[Your goal]
Copy exactly the lines of the data below, beginning with the line with "SQL Injection - Solución" and ending with the line with "Abilene Christian Wildcats". Pictures are to be omitted.

#### The data

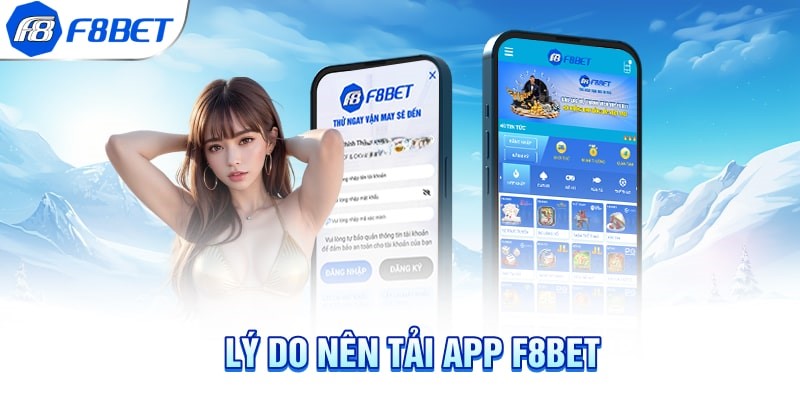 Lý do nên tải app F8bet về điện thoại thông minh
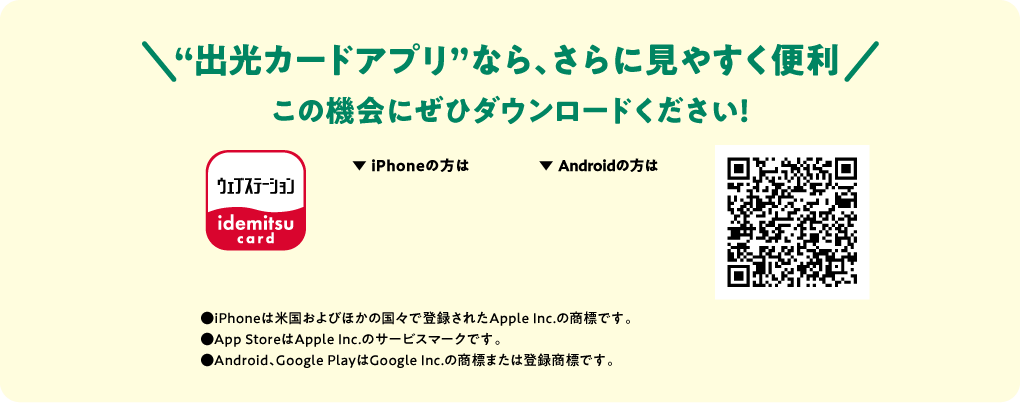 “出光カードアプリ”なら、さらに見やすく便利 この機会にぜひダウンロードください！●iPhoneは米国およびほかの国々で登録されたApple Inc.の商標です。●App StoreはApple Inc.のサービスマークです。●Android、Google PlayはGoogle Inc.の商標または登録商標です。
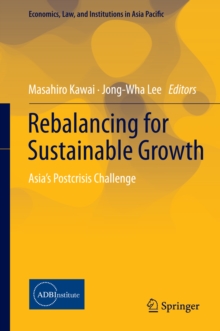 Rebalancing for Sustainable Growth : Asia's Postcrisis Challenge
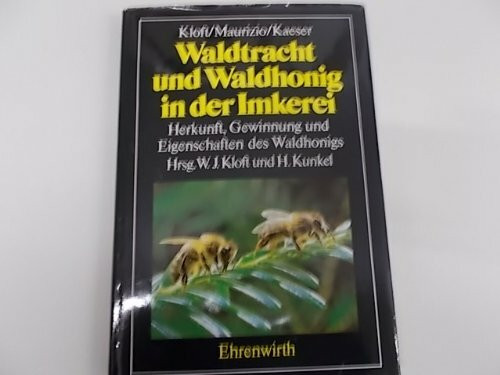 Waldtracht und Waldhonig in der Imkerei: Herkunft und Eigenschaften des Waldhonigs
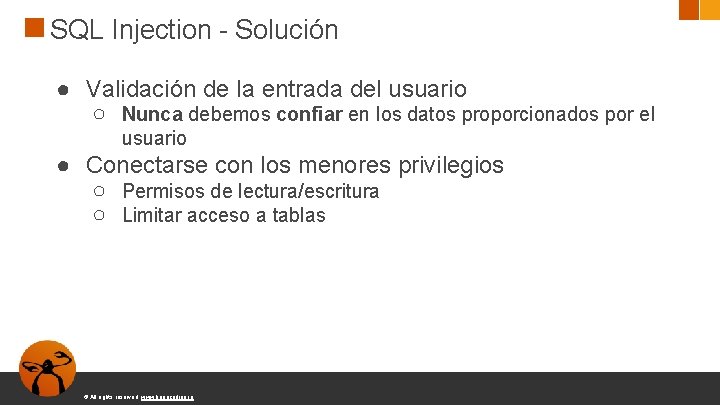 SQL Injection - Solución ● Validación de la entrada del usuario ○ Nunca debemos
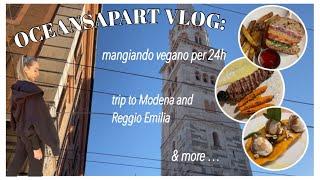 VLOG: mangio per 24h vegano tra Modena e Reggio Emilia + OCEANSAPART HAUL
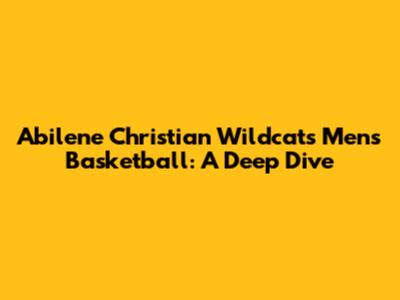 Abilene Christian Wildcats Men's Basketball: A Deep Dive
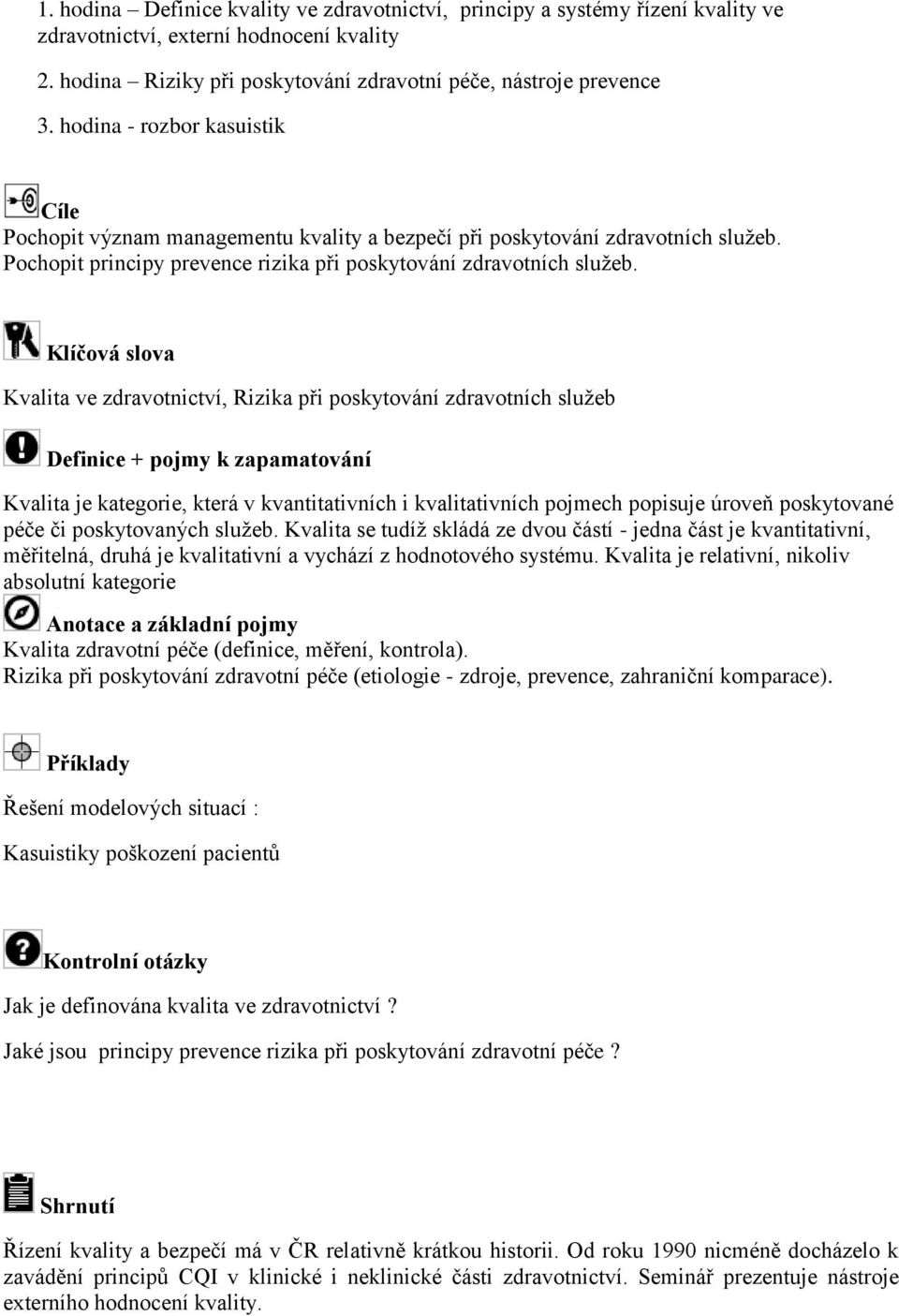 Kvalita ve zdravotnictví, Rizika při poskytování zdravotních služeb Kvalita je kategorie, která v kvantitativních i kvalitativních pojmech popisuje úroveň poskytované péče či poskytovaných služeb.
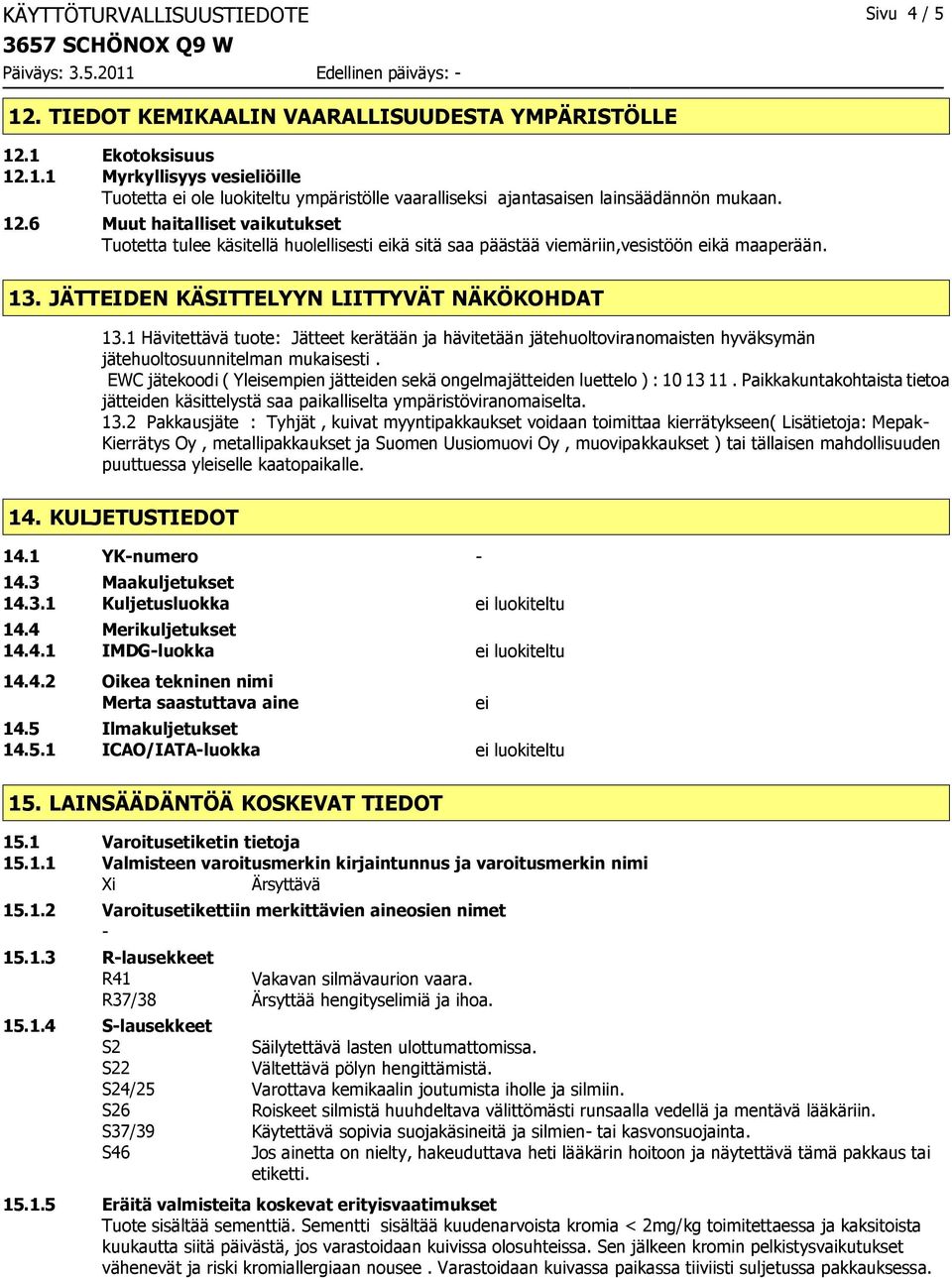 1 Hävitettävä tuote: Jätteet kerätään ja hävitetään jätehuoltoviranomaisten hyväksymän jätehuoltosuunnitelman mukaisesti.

########

[Result below]
 SQL Injection - Solución ● Validación de la entrada del usuario ○ Nunca debemos
 VLOG: mangio per 24h vegano tra Modena e Reggio Emilia + OCEANSAPART HAUL
 Abilene Christian Wildcats Men's Basketball: A Deep Dive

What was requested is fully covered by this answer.